The role of proton precipitation in the excitation of auroral FUV emissions
Hubert, B.; Gérard, J.-C.; Bisikalo, D.V.; Shematovich, V.I.; and Solomon, S.C.
Journal of Geophysical Research, Volume 106, Issue A10, October 1, 2001, pp. 21475-21494


Far ultraviolet remote sensing from high altitude satellite is extensively used to image the global aurora, derive its energetics and follow its dynamical morphology. It is generally assumed that the observed emissions are dominated by the interaction of the precipitated electrons with the thermospheric constituents. A model to calculate far ultraviolet emissions excited by auroral electrons and protons and the secondary electrons they generate has been used to calculate the volume excitation rate of the HI Ly-alpha, OI 1304 and 1356 \A A, NI 1493 \A A multiplets and the N2 Lyman-Birge-Hopfeld bands. The characteristic energy and the energy flux are derived from the observed statistical distribution of precipitated protons and electrons. This model is applied to the midnight aurora, the noon cusp and a proton-dominated aurora for moderately disturbed conditions. We show that in the first two cases, direct electron impact dominates the vertically integrated emission rate over the proton component, although proton excitation plays an important role at some altitudes in the daytime cusp. In afternoon regions of the auroral zone near the auroral boundary, secondary electrons due to proton ionization are the main source of FUV emissions.
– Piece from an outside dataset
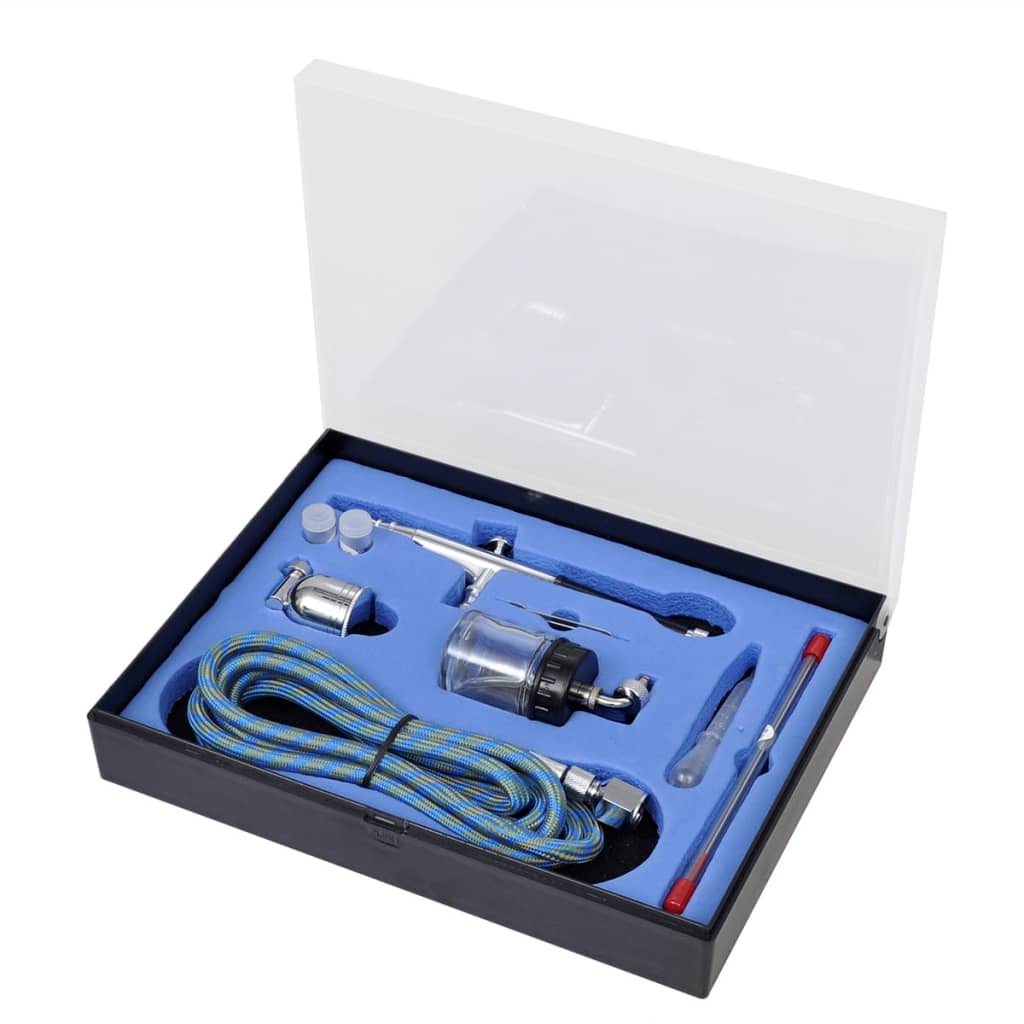 

vidaXL Airbrush set met glazen beker 0,2 / 0,3 / 0,5 mm mondstukken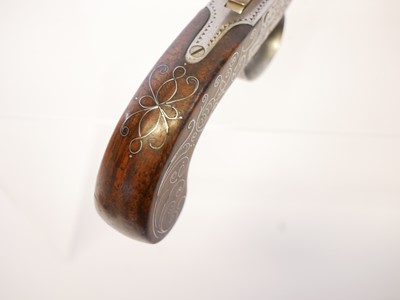 Lot E. Moody 80 bore flintlock pocket pistol,...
The energy dependence of the efficiency of LBH band emission viewed from high altitude is calculated for electron and proton precipitations. Maps of the N2 LBH emission excited by both components are obtained and regions of proton-dominated auroral emission are identifed. It is found that the distribution of the ratio of proton-induced to electron-induced brightness resembles maps of the ratio of the respective precipitated energy fluxes. Proton-dominated FUV emissions are thus located in a C-shaped sector extending from pre-noon to midnight magnetic local times with a maximum proton contribution near the equatorward boundary of the statistical electron oval. The distribution of the Ly-alpha/LBH intensity ratio is found to mimic the ratio of the proton flux/total energy flux, although it is insufficient by itself to accurately determine the relative fraction of auroral energy carried by the protons.